Both sha1 and md5 are considered deprecated, it would be great to support a more recent/secure hashing algorithm to compute build id
Details
Diff Detail
- Repository
- rG LLVM Github Monorepo
Event Timeline
The SHA-1 deprecation, AFIAK, is for digital signature.
ld.lld's --build-id feature, as I know, has no validation tool. It is used for "approximation of true uniqueness across all binaries that might be used by overlapping sets of people" (https://fedoraproject.org/w/index.php?title=RolandMcGrath/BuildID&oldid=16098), not for security purposes.
So I think the description
Both sha1 and md5 are considered deprecated,
does not apply.
That said, adding the option is straightforward/simply.
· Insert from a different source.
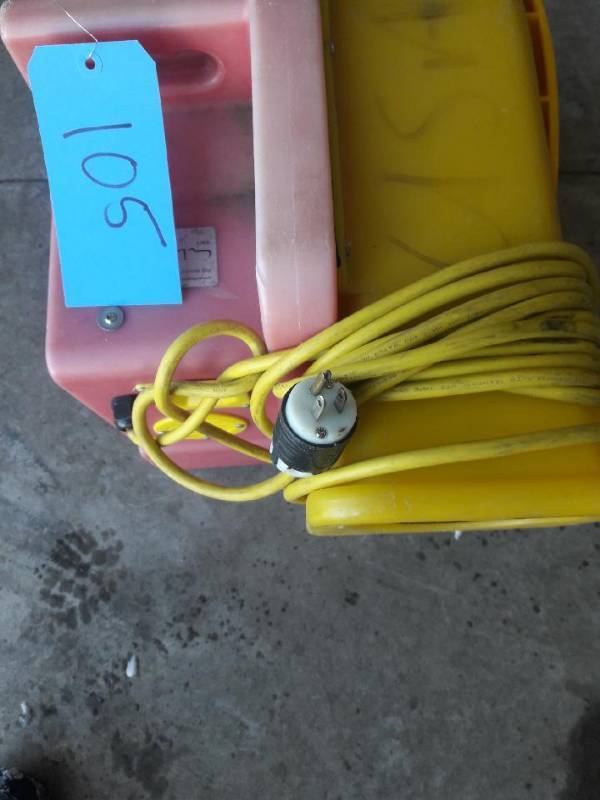 lot 105 image: 1.5 HP Tool King Blower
If useful, we can add it, but the justification needs to be higher than "Transport Layer Security has phased out SHA-1, so we follow suit"
Will GNU ld add this option?
Exactly. This patch only provides a way to tick a checkbox on a stupid compliance list. SHA2 provides no security benefit here for the price of slower linking. If we want to use a more modern cryptographic hash function, the primary criterion should be performance, IMO.
I second that opinion :-) Then blake2 (see https://en.wikipedia.org/wiki/BLAKE_(hash_function)) would be a good match. The reference implementation is covered by the Apache Public License 2.0 so that would be fine license wise, and it claims to be "faster than MD5, SHA-1, SHA-2, and SHA-3, on 64-bit x86-64 and ARM architectures"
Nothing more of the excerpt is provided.